SCO Group Tuesday confirmed that it was the victim of a
denial of service (DoS) attack Friday, and said it is investigating the
possibility of a link between the attack and its lawsuit against IBM for alleged intellectual property violations.
“SCO is vigorously investigating the source of the attack and the identity
of the perpetrators,” said company spokesman Blake Stowell. “This attack
came within 48 hours of IBM’s response to SCO’s lawsuit against IBM
alleging intellectual property infringement. Given this close proximity in
time, we are carefully examining whether a link exists between SCO’s legal
action and some of the Linux community who are hostile toward SCO for
asserting its legal rights.”
Lindon, Utah-based SCO has raised hackles in the Linux community after it
sued IBM for allegedly misusing trade secrets after IBM walked away from a
joint project with SCO which sought to create an Intel Itanium version of
SCO’s UnixWare. IBM scrapped the effort, dubbed Project Monterey, when it
decided to focus its attention on Linux rather than Unix. But SCO
maintained that IBM’s rapid strides with Linux were built on trade secrets
it garnered from Project Monterey — especially the integration of Unix
System V libraries with Linux, which allows the Linux platform to run many
Unix applications. SCO is suing IBM for $1 billion.

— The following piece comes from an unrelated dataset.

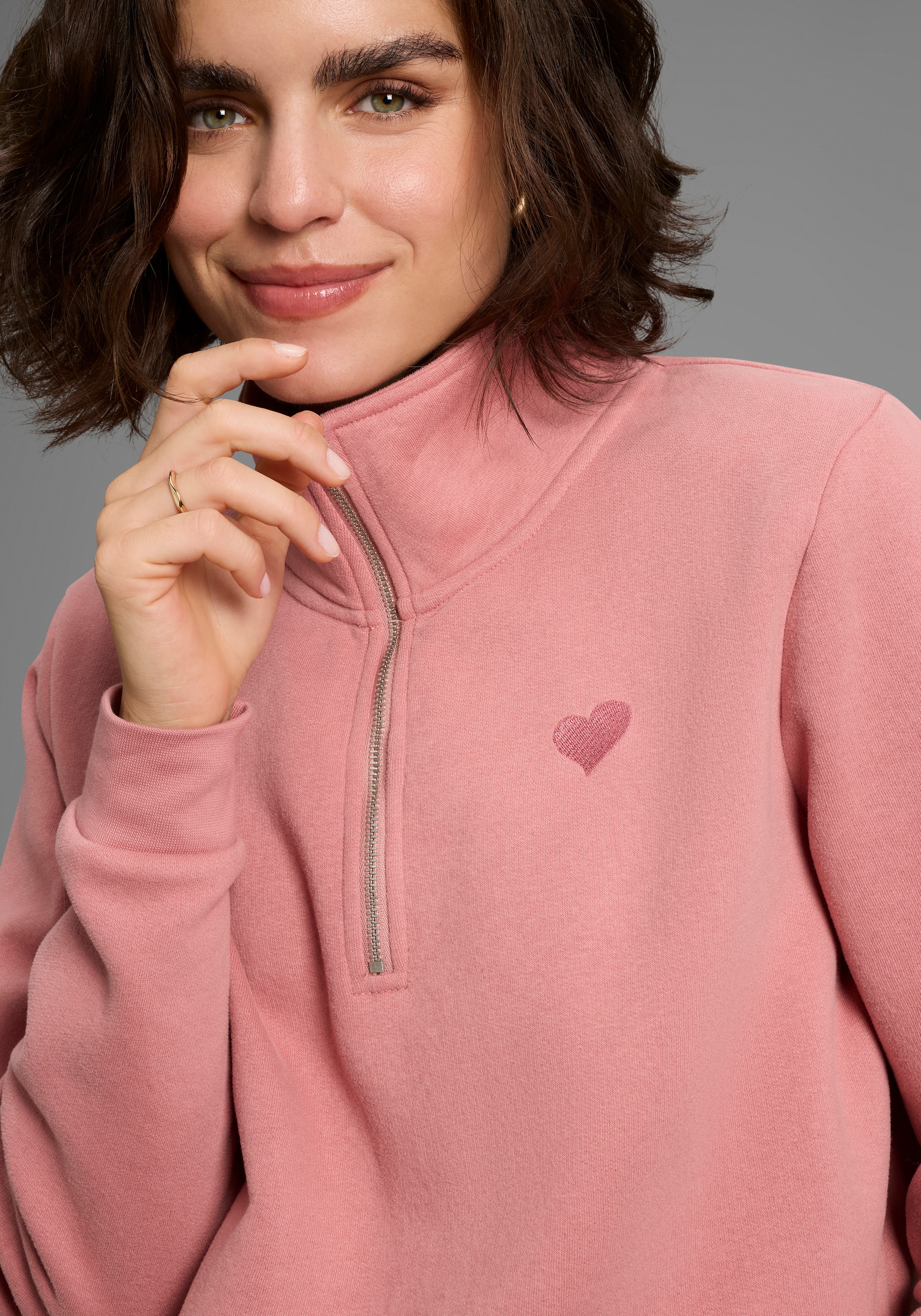 Laura Scott Sweater , Modisch verkürzt mit Troyer‑Kragen und Reißverschluss­
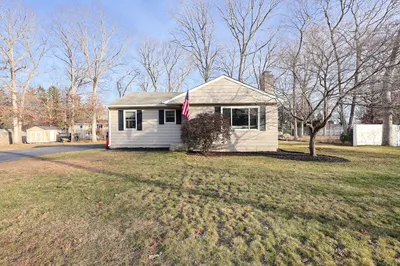 46 Melody Dr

SCO said the DoS attack occurred at about 10 a.m. Mountain Time, and that
it gobbled up about 90 percent of the available bandwidth of its service
provider for the entire Lindon, Utah backbone. The company said it
contacted a special agent for Intrusion Detection at the FBI Cyber Crimes
Division in Salt Lake City, and the special agent is now analyzing
information on the attacks. The U.S. Attorney’s office is also
investigating the attack.
SCO said its ISP has identified 138 different machines that were an
intermediate source of the bot or worm which triggered the attack, but has
not yet been able to confirm the identity of the original source.
“A denial of service attack is a serious criminal violation,” Stowell said.
“Cyber terrorism hurts a business as much as any other crime involving the
destruction of property. Unfortunately, some programmers who disagree with
SCO’s corporate policies have ignored the seriousness of cyber terrorism.
This was a mistake on the part of the people involved, because we will
prosecute them to the fullest extent of the law and will do everything
possible to assure that justice is done for the commission of this crime.”